Subscribe
NewsOne Featured Video
CLOSE

I’ve spent most of the last 70 years in Charlotte and North Carolina politics and I have never seen this kind of excitement for a primary. Truthfully, it reminds me so very much of the excitement of our movement in the 1960s.

Back then, I was harassed or arrested all over the South for fighting for my rights.  While a student at Johnson C. Smith University in 1960, I led more than 200 students into downtown to desegregate the lunch counters. We felt good about ourselves, doing the right thing by grabbing hold of a nonviolent way to change our society.  We sat at the lunch counters every day until by July of that year they opened to all people regardless of race.

I helped organize the Student Nonviolent Coordinating Committee (SNCC) at Shaw University. I was arrested in Montgomery, Alabama as a freedom rider. I was arrested in Rock Hill, South Carolina for sitting at a lunch counter.  I spent 30 days hard labor on the chain gang just for trying to order a hamburger and Coke.

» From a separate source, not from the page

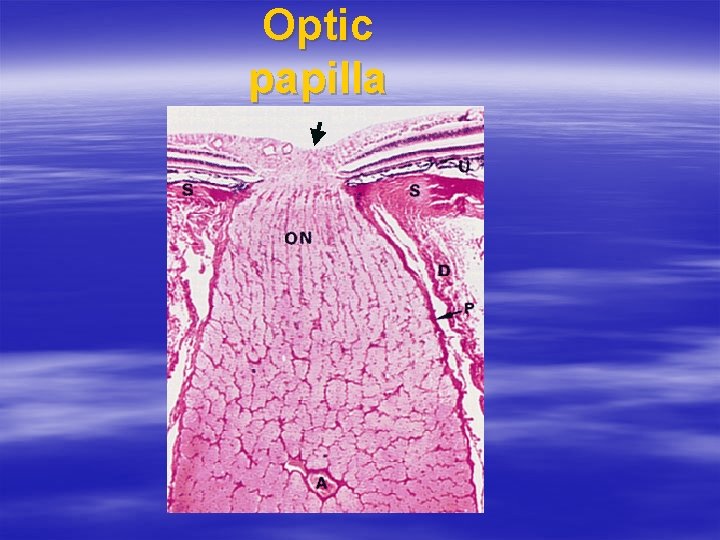 Optic papilla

I went to jail with Dr. Martin Luther King, Jr. while organizing the desegregation campaign in Albany, Georgia. SNCC was successful there because the people were ready and we achieved a level of total community organization that attracted Dr. King. Working with him then, I came to more fully understand the power of national and international communities working together.

This primary is very different for black North Carolinians of my generation.  Jesse Jackson showed us in ’87 that some day, if we worked and stayed together, we would have an African-American President of the United States of America. Brother Obama is that man and this is our time. He is us.

Brother Obama has generated such excitement for me, as a Black man, my friends and my community. He has the power and support of most black folk in the state, as well as a broad coalition.  Everyone sees that he is real.  And, that he has the policy ideas and experience to raise Americans to a level of mass involvement that is sorely needed at this time.

One of the most inspiring moments of my life was shaking Brother Obama’s hand after the rally that drew 14,000 people on Friday.  I told him how proud I was of him and gave my and my generation’s blessings to him and his generation.

I will with great pride be voting for Obama today and taking many of my neighbors to the polls to also vote for him.  I expect that he will win.  I have always believed that given the facts and the truth about the issues, the majority of Americans will do the right thing.  Electing Barack Obama president of these United States is the right thing.

J. Charles Jones, Esq., a key organizer of the Student Nonviolent Coordinating Committee in the 1960s, is a graduate of Howard University Law School.  He has been practicing in Charlotte for 30 years.